Mehrere Rinder, die sich in der Nähe einer Bahnstrecke aufhielten, haben am Donnerstag (11. Juni) für Beeinträchtigungen im Bahnverkehr gesorgt.

Gegen 16:10 Uhr meldete der Triebfahrzeugführer eines Zuges der DB-Notfallleitstelle zwei Rinder, die sich im Bereich des Bahnhofs Roitzsch am Gleis aufhielten. Ein weiterer Triebfahrzeugführer, der die Strecke Halle(Saale)–Bitterfeld befuhr, bestätigte kurz darauf ebenfalls, dass sich mehrere Tiere am besagten Bahnhof in unmittelbarer Nähe des Gleises aufhielten. Nachfolgende Züge erhielten daraufhin einen Langsamfahrbefehl.

Alarmierte Einsatzkräfte der Bundespolizei fuhren den Ereignisort an und stellten insgesamt sechs Tiere, davon vier Kühe, ein Kalb sowie einen Bullen fest. Diese waren nach Polizeiangaben aus einer angrenzenden Koppel entwichen. Mit Hilfe der Freiwilligen Feuerwehren Roitzsch und Petersroda konnten die Tiere eingefangen und auf die Koppel zurückgebracht werden. Der Eigentümer der Tiere konnte kurz darauf erreicht werden. Um 17.52 Uhr war die Bahnstrecke wieder vollständig freigegeben worden. Infolge des Einsatzes erhielten drei Züge insgesamt 49 Minuten Verspätung.

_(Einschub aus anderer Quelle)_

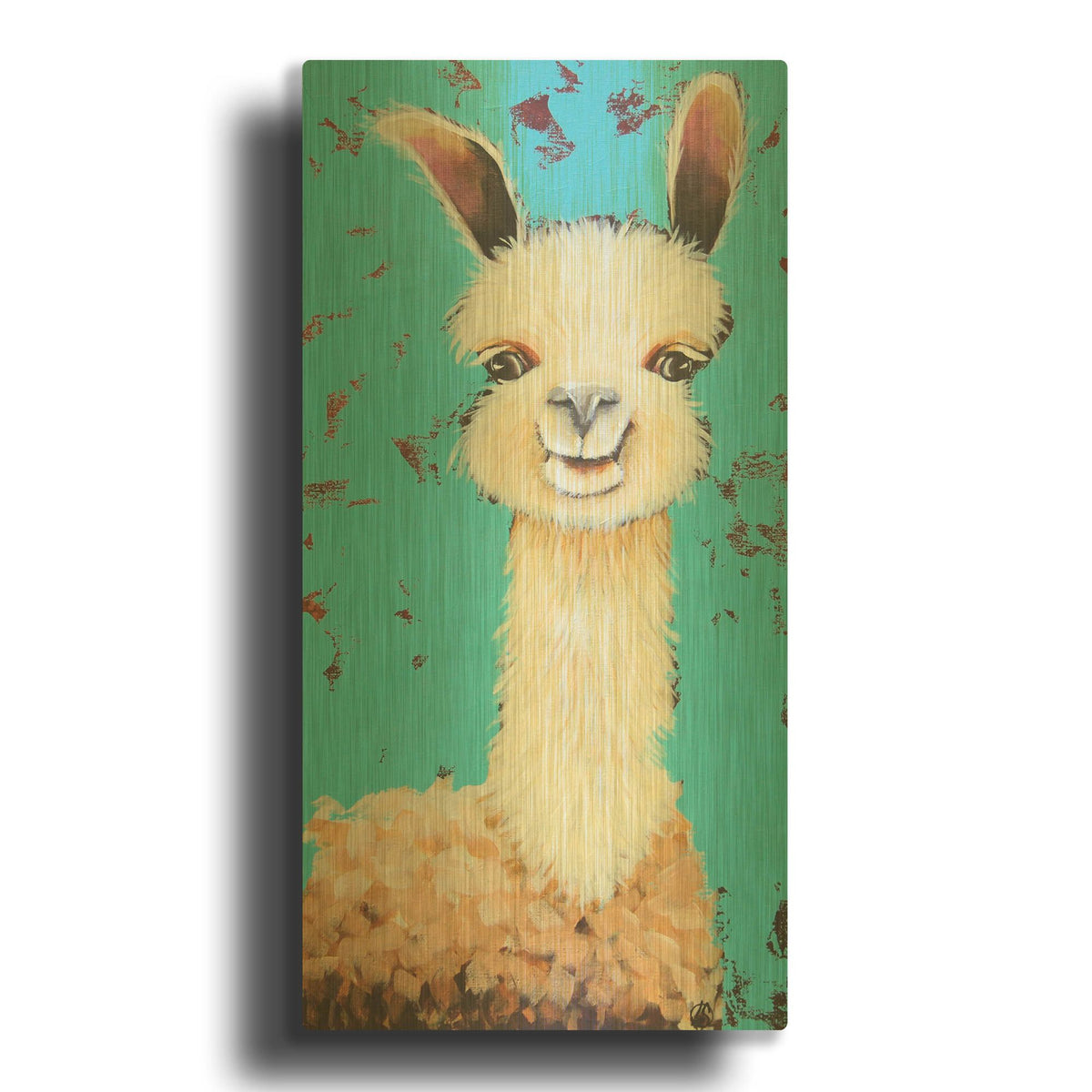 'Llama Sue' By Lucia Stewart Gold Metal Wall Art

Die Bundespolizeiinspektion Magdeburg weist daraufhin, dass Tierhalter verpflichtet sind, auf eine sichere Unterbringung von Weidetieren zu achten. Kommt es durch entlaufene Tiere zu einem Unfall und kann dem Tierhalter ein Fehlverhalten nachgewiesen werden, kann er für Zugverspätungen oder Zugausfälle mit einem Verwarngeld belegt werden. Für eventuelle Sachschäden an Zügen oder Gleisen kann er darüber hinaus auf dem zivilrechtlichen Weg haftbar gemacht werden. Kommt es zu einer Kollision muss er zudem mit einer Strafanzeige wegen gefährlichen Eingriffs in den Bahnverkehr rechnen; werden Menschen verletzt oder getötet, weiten sich die Ermittlungen dementsprechend aus.